POV-Ray : Newsgroups : povray.pov4.discussion.general : A serious question about massively parallel architectures (ie GPUs)		Server Time 14 Mar 2026 17:06:37 EDT (-0400)

From: Chambers
Subject: A serious question about massively parallel architectures (ie GPUs)
Date: 20 Jan 2010 00:11:39
Message: <4b56908b$1@news.povray.org>

Currently I'm waiting for a scene to render.  And you know what's 
killing render time?

Spawning.

With focal blur creating dozens (I had to turn it down from hundreds) of 
rays per pixel, textures which are averages of 8 (I turned it down from 
16) glass textures which each have reflection *and* refraction, area 
lights, media, etc... almost every decent effect in POV is achieved via 
taking large numbers of samples or spawning large numbers of rays.

So, I started thinking about how to speed things up.  Obviously, the 
single easiest way to do so is to reduce the number of rays that need to 
be shot.  Well, I've already turned down the settings, and simplified my 
textures...  there's not much else I can do in that category.

The next step is to run things more in parallel.  My quad core is 
already running 32 threads (high thread count + low block size = fun 
picture to watch trace), so that's maxed out.

The next obvious place to move code to is the GPU.  However, we can't 
just throw blocks of rays at the GPU... the GPU handles things in blocks 
of processors, but in POV adjacent rays may take wildly divergent code 
paths.  In a worst case scenario, you would be able to trace only a 
single ray per execution block on the GPU at a time; at that rate, the 
cost of the data bus would outweigh any benefits of the GPU itself.

So, the question becomes this: what operations does POV-Ray perform 
which can reasonably be grouped together, following more or less an 
identical code path on a large set of data, such that it could be 
reasonably off-loaded to a highly parallel coprocessor such as current 
and upcoming GPUs? (assuming double precision support, which is making 
great headway in recent architectures)  The important part becomes the 
code path... two adjacent rays must take generally the same code path, 
meaning anything which spawns rays is automatically out.

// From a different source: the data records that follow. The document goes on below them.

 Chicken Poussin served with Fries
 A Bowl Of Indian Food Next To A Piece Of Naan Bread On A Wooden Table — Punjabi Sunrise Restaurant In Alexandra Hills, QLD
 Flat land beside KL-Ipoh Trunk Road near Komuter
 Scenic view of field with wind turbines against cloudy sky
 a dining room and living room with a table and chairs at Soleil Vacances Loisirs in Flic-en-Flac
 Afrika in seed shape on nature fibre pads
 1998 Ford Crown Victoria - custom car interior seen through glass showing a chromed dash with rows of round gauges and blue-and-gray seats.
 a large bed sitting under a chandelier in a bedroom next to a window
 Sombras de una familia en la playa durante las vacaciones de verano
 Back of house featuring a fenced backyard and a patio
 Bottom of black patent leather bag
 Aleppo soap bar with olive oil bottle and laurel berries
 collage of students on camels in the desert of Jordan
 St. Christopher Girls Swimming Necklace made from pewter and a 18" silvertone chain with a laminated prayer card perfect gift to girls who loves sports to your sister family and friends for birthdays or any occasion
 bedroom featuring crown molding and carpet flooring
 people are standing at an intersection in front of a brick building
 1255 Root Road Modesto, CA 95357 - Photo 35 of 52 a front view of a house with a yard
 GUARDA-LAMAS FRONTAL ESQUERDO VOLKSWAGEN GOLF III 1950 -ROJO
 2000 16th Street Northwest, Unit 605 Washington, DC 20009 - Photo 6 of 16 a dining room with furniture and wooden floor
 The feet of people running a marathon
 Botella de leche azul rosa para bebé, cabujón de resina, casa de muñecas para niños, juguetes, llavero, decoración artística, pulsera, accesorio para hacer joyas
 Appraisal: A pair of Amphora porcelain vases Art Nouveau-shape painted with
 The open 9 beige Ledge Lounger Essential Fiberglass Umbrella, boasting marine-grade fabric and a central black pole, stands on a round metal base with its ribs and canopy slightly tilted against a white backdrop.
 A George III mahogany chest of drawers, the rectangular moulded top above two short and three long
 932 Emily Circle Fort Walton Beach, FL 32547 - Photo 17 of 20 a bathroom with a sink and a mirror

Darren posited in P.O-T that light occlusion could be possible.  I also 
think that other light calculations, such as gathering samples from 
photons or radiosity, could help.

Perhaps if a ray is known to traverse media, all media calculations for 
a single ray could be performed.

What other calculations does POV perform which would be a good fit for 
architectures like this?

Oh, and this /should/ go without saying, but... please keep this to a 
brainstorming, rather than a bashing, thread.  More than anything, it's 
a thought experiment for me as I watch my render proceed ;)

...Chambers

Post a reply to this message

From: scott
Subject: Re: A serious question about massively parallel architectures (ie GPUs)
Date: 20 Jan 2010 03:48:30
Message: <4b56c35e@news.povray.org>

> So, the question becomes this: what operations does POV-Ray perform which 
> can reasonably be grouped together, following more or less an identical 
> code path on a large set of data, such that it could be reasonably 
> off-loaded to a highly parallel coprocessor such as current and upcoming 
> GPUs? (assuming double precision support, which is making great headway in 
> recent architectures)  The important part becomes the code path... two 
> adjacent rays must take generally the same code path, meaning anything 
> which spawns rays is automatically out.

I found quite a good paper a while ago about bunching rays together, this 
might be useful on hardware where there is a massive speedup for processing 
similar rays together rather than individually.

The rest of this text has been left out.